Внезапное желание быть посвященным в таинства вызвало немало недоумения у новоявленного верховного жреца, которого убедил лишь престиж, что принесло бы общине высокое социальное положение неофита. Принятие в секту римского сенатора придавало ей большой вес, не говоря уже о том, что Публий Аврелий Стаций был настолько популярен в Байях, что мог побудить многих клиентов последовать за ним в новую религию, хотя бы из желания следовать моде.
Так Нигелло согласился, ограничив пока посвящение первыми обрядами, которые предусматривали принятие волшебного зелья и ночь созерцания, проведенную в одиночестве в храмовой келье. Насчет возможной встречи нового обращенного с воплощенной Исидой жрец, казалось, нисколько не беспокоился. Если только, конечно, он не был уверен, что Богиня не собирается являться…
Тем временем служитель, несколько раз встряхнув корзину со священной коброй, настойчиво протягивал чашу патрицию, который больше не мог уклоняться.
Аврелий осушил ее одним глотком, надеясь, что противоядие хоть как-то подействует. Вскоре после этого его, под пение хора верующих, уложили на ковер, расшитый знаками зодиака.
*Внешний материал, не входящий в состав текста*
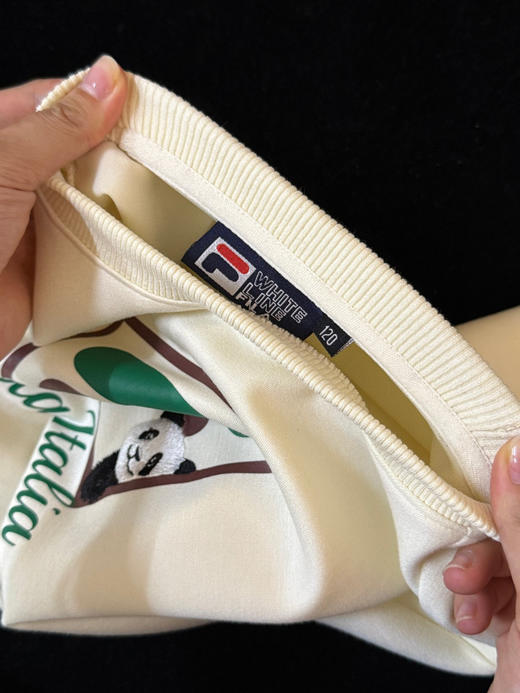 FL2025新款熊猫工厂联盟刺绣卫衣套装 商品图9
Последнее взмахивание кадилами, и дверь кельи закрылась в тяжелых клубах ладана.
Сенатор растерянно огляделся при свете крошечного светильника и тут же поспешил удостовериться, что его не заперли вместе со священной коброй. Ни корзин, ни пресмыкающихся в поле зрения не было, с облегчением убедился он.
В этот момент у него закружилась голова. Он встряхнулся, пытаясь встать и побороть сонливость, от которой веки становились свинцовыми. Однако через некоторое время спина больше не выдерживала напряжения, и патриций, против своей воли, вынужден был снова опуститься на ковер, как уставший ребенок.
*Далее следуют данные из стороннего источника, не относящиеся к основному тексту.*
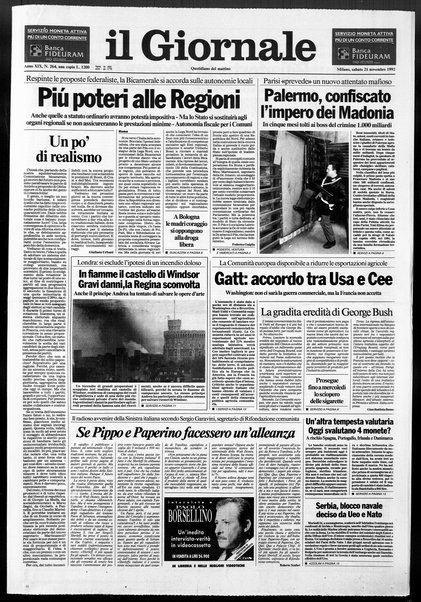 Il giornale : quotidiano del mattino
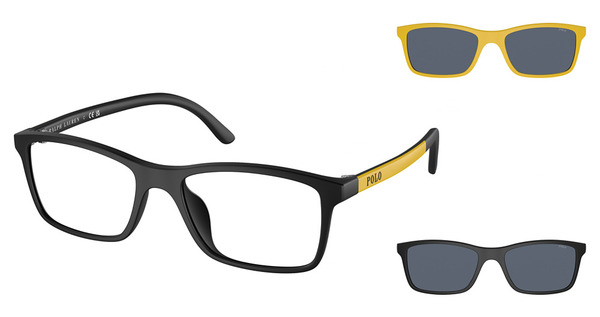  Polo Ralph Lauren PP9506U Eyeglasses Youth Kids Full Rim Square Shape w/Clip On 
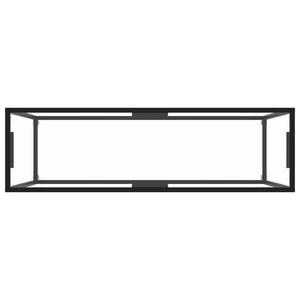 vidaXL Console Table Transparent 120x35x75 cm Tempered Glass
Вдруг ему показалось, что светильник начал качаться. Зелье действовало. Еще несколько мгновений, и начнутся галлюцинации. Нужно быть очень осторожным, чтобы не поддаться. Чтобы побороть забытье, он начал перечислять по одному имена всех ста с лишним рабов своего домуса, затем сосчитал своих многочисленных клиентов, а после принялся мысленно декламировать список научных трудов Аристотеля и Теофраста.